Skip distributing all flow from the bipartite nodes (first column) to the ordinary nodes (second column).

--overlapping

Let nodes be part of different and overlapping modules. Applies to ordinary networks by first representing the memoryless dynamics with memory nodes.

--hard-partitions

Don't allow overlapping modules in memory networks by keeping the memory nodes constrained into their physical nodes.

--non-backtracking

Use non-backtracking dynamics and let nodes be part of different and overlapping modules. Applies to ordinary networks by first representing the non-backtracking dynamics with memory nodes.

--without-iostream

Parse the input network data without the iostream library. Can be a bit faster, but not as robust.

-z --zero-based-numbering

Assume node numbers start from zero in the input file instead of one.

-k --include-self-links

Include links with the same source and target node. (Ignored by default.)

--complete-dangling-memory-nodes

Add first order links to complete dangling memory nodes.

-O<n> --node-limit <n>

Limit the number of nodes to read from the network. Ignore links connected to ignored nodes. (Default: 0)

--weight-threshold <n>

Limit the number of links to read from the network. Ignore links with less weight than the threshold. (Default: 0)

--pre-cluster-multiplex

Pre-cluster multiplex networks layer by layer.

-c<p> --cluster-data <p>

Provide an initial two-level (.clu format) or multi-layer (.tree format) solution.

--no-infomap

Don't run Infomap. Useful if initial cluster data should be preserved or non-modular data printed.

--out-name <s>

Use this name for the output files, like [output_directory]/[out-name].tree

-0 --no-file-output

Don't print any output to file.

--map

Print the top two-level modular network in the .map format.

--clu

Print the top cluster indices for each node.

--tree

Print the hierarchy in .tree format. (default true if no other output with cluster data)

--ftree

Print the hierarchy in .tree format and append the hierarchically aggregated network links.

--btree

Print the tree in a streamable binary format.

--bftree

Print the tree including horizontal flow links in a streamable binary format.

--node-ranks

Print the calculated flow for each node to a file.

--flow-network

Print the network with calculated flow values.

--pajek

Print the parsed network in Pajek format.

--print-state-network

Print the internal state network.

--expanded

Print the expanded network of memory nodes if possible.

--print-all-trials

Print result to file for all trials (if more than one), with the trial number in each file.

-2 --two-level

Optimize a two-level partition of the network.

-u --undirected

Assume undirected links. (default)

-d --directed

Assume directed links.

-t --undirdir

Two-mode dynamics: Assume undirected links for calculating flow, but directed when minimizing codelength.

--outdirdir

Two-mode dynamics: Count only ingoing links when calculating the flow, but all when minimizing codelength.

-w --rawdir

Two-mode dynamics: Assume directed links and let the raw link weights be the flow.
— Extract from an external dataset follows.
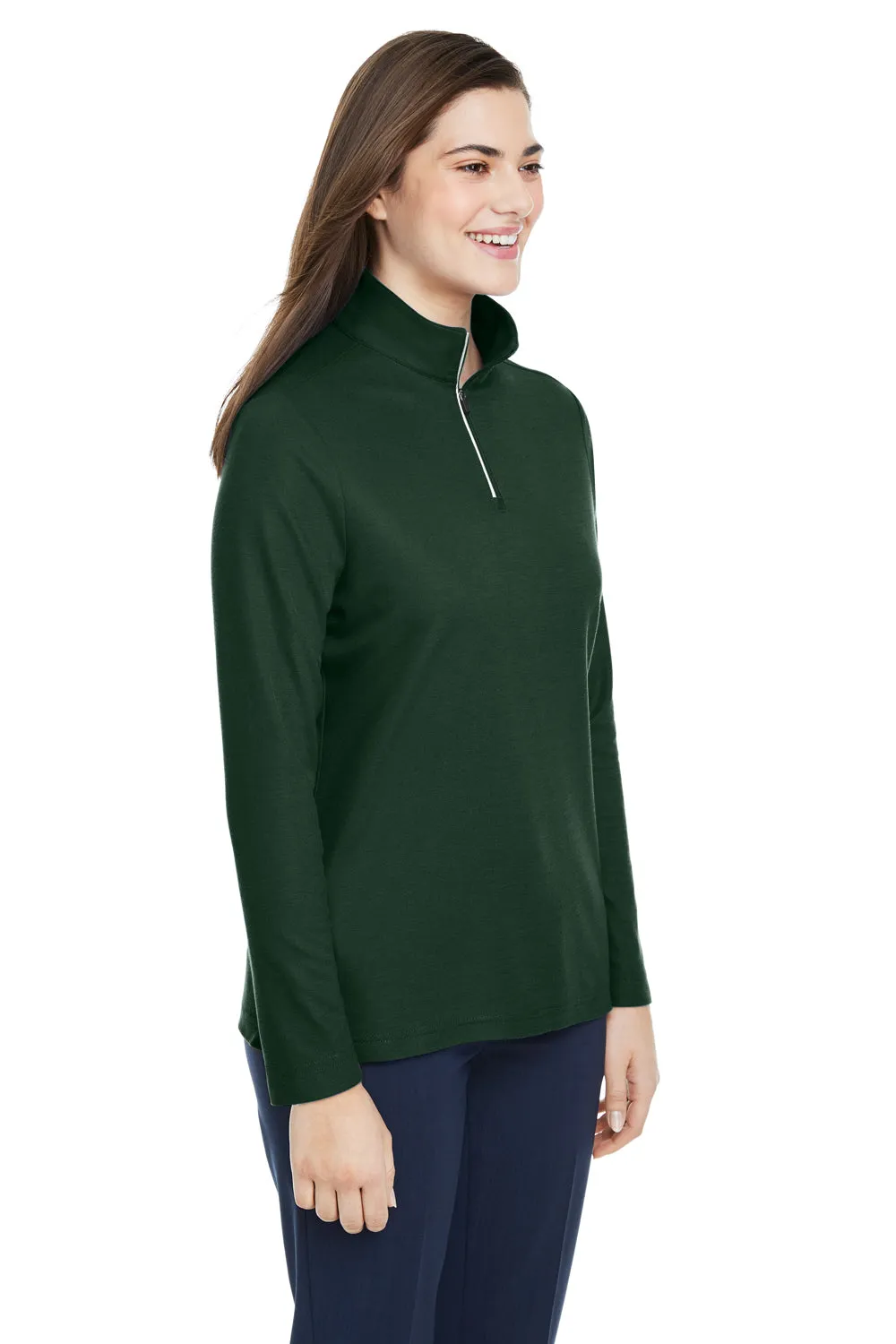 Core 365 Womens Fusion ChromaSoft Performance Moisture Wicking Pique 1/4 Zip Sweatshirt - Forest Green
-e --recorded-teleportation

If teleportation is used to calculate the flow, also record it when minimizing codelength.

-o --to-nodes

Teleport to nodes instead of to links, assuming uniform node weights if no such input data.

-p<f> --teleportation-probability <f>

The probability of teleporting to a random node or link. (Default: 0.15)

-y<f> --self-link-teleportation-probability <f>

Additional probability of teleporting to itself. Effectively increasing the code rate, generating more and smaller modules. (Default: -1)

--markov-time <f>

Scale link flow with this value to change the cost of moving between modules. Higher for less modules. (Default: 1)

--variable-markov-time

Scale link flow per node inversely proportional to the node exit entropy to easier split connected hubs and keep long chains together.

--preferred-number-of-modules <n>

Stop merge or split modules if preferred number of modules is reached. (Default: 0)

--multilayer-relax-rate <f>

The probability to relax the constraint to move only in the current layer and instead move to a random layer where the same physical node is present. If negative, the inter-links have to be provided. (Default: -1)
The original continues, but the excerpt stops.